• **EXERCISE DATA**:
********
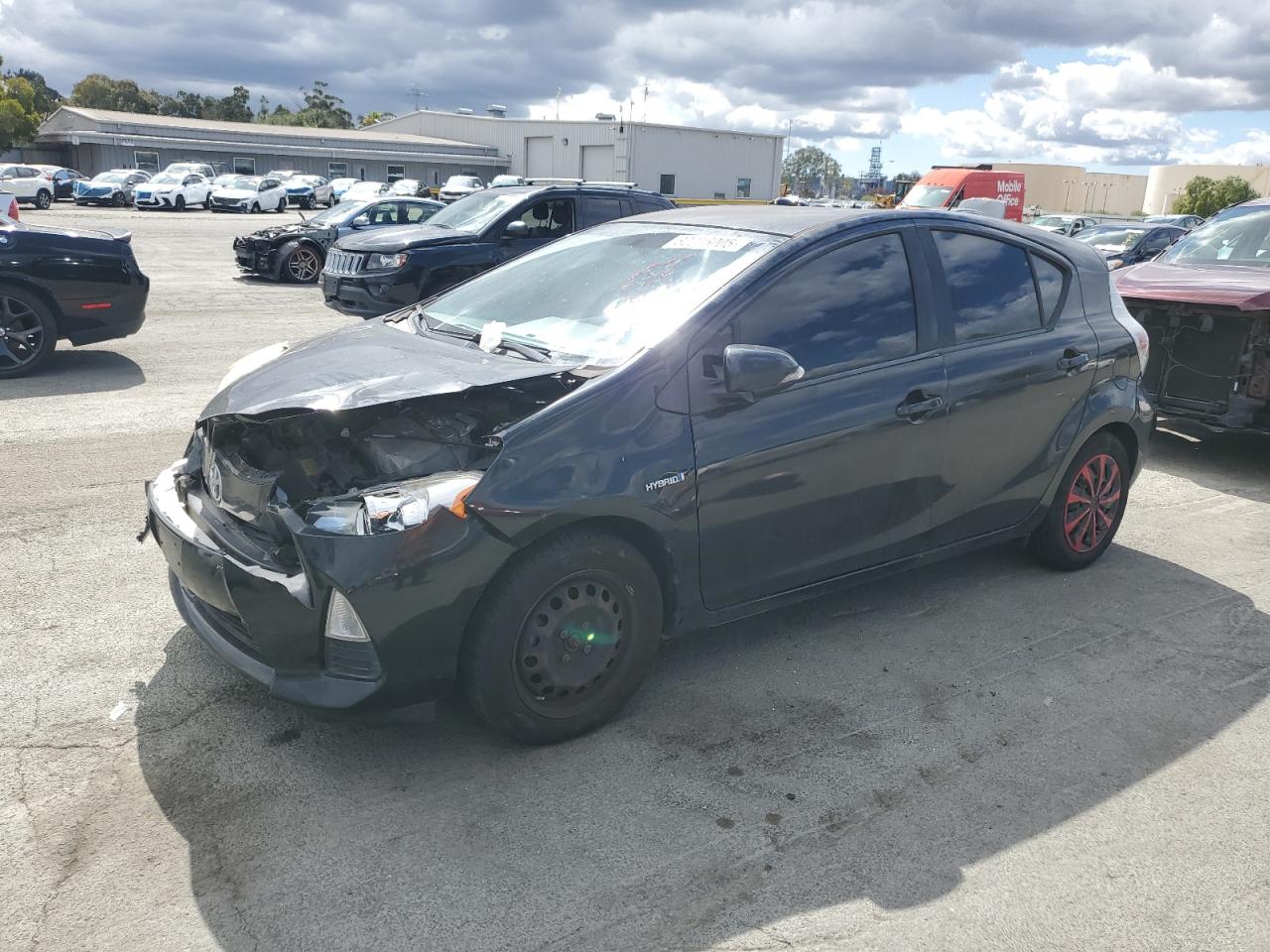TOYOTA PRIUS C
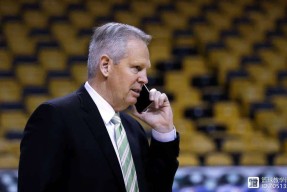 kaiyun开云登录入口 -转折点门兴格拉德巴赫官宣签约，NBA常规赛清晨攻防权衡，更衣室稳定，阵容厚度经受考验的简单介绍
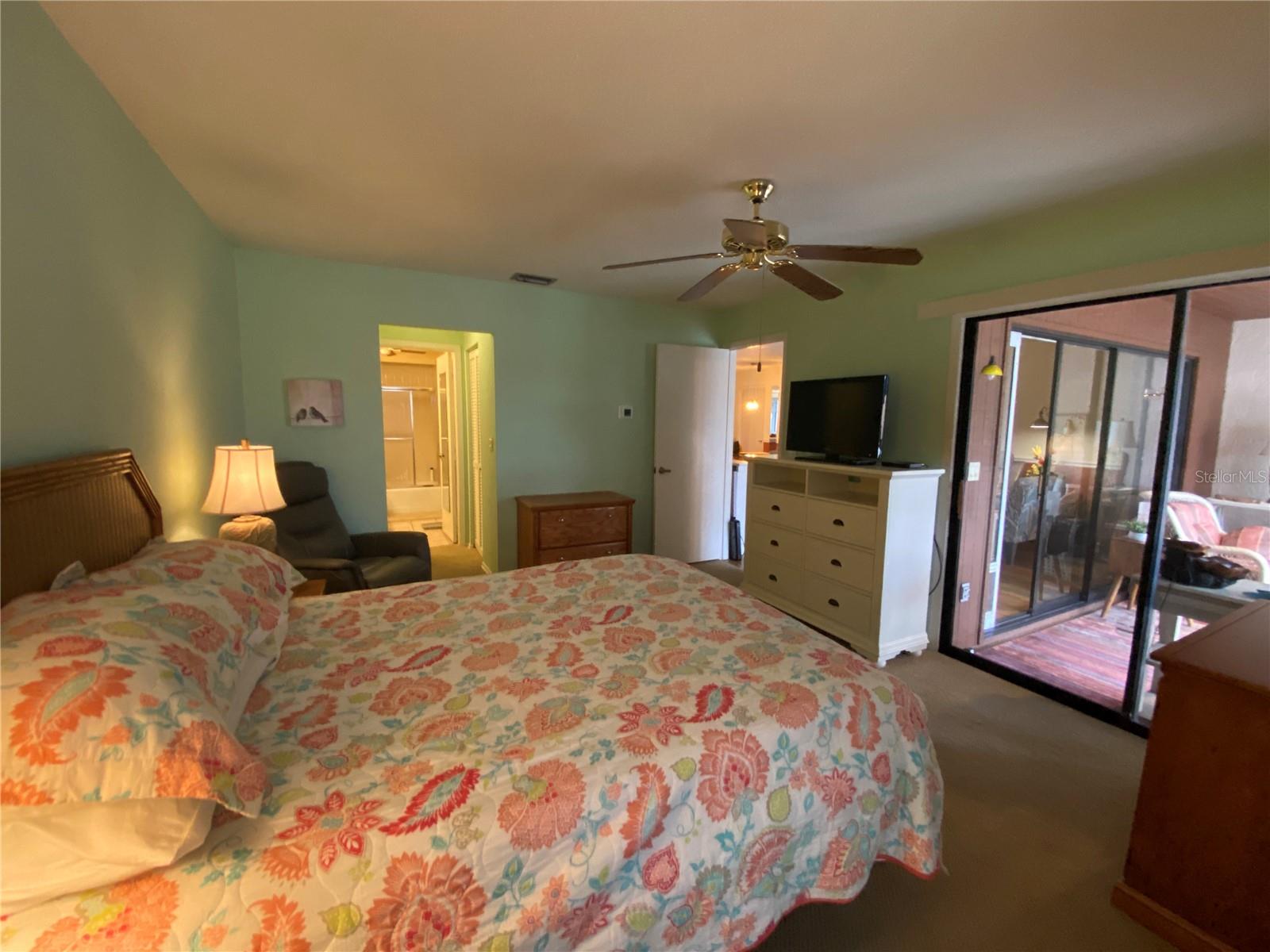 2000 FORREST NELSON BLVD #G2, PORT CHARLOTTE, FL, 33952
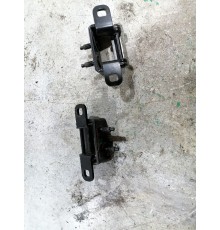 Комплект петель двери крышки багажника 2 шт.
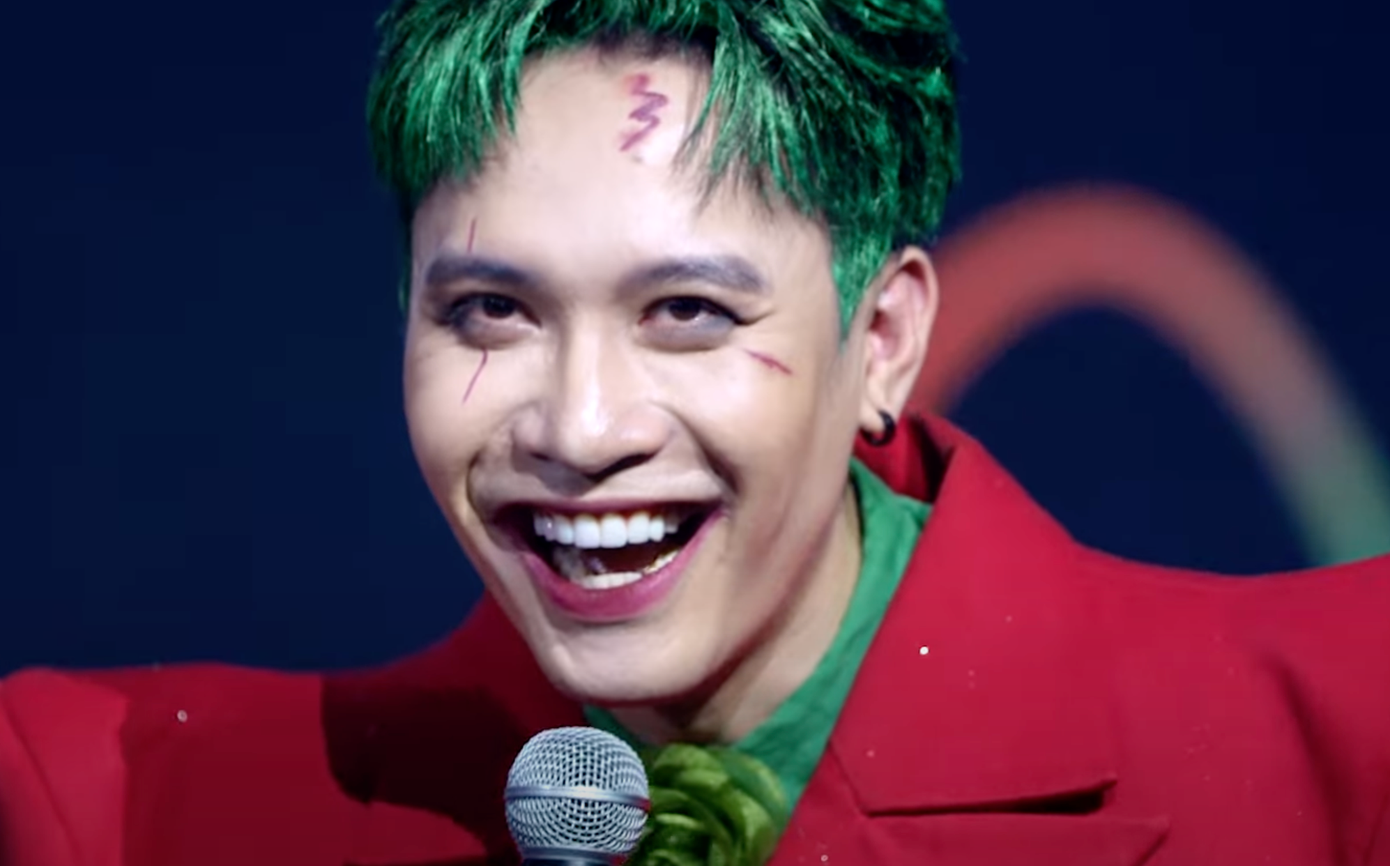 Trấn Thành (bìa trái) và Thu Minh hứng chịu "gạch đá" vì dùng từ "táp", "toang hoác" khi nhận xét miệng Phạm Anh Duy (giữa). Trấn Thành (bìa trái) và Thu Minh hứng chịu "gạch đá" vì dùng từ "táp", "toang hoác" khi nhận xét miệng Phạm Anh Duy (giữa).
********
The job is to return the listing above exactly, minus its pictures.

• **RESULT**:
TOYOTA PRIUS C
 kaiyun开云登录入口 -转折点门兴格拉德巴赫官宣签约，NBA常规赛清晨攻防权衡，更衣室稳定，阵容厚度经受考验的简单介绍
 2000 FORREST NELSON BLVD #G2, PORT CHARLOTTE, FL, 33952
 Комплект петель двери крышки багажника 2 шт.
 Trấn Thành (bìa trái) và Thu Minh hứng chịu "gạch đá" vì dùng từ "táp", "toang hoác" khi nhận xét miệng Phạm Anh Duy (giữa). Trấn Thành (bìa trái) và Thu Minh hứng chịu "gạch đá" vì dùng từ "táp", "toang hoác" khi nhận xét miệng Phạm Anh Duy (giữa).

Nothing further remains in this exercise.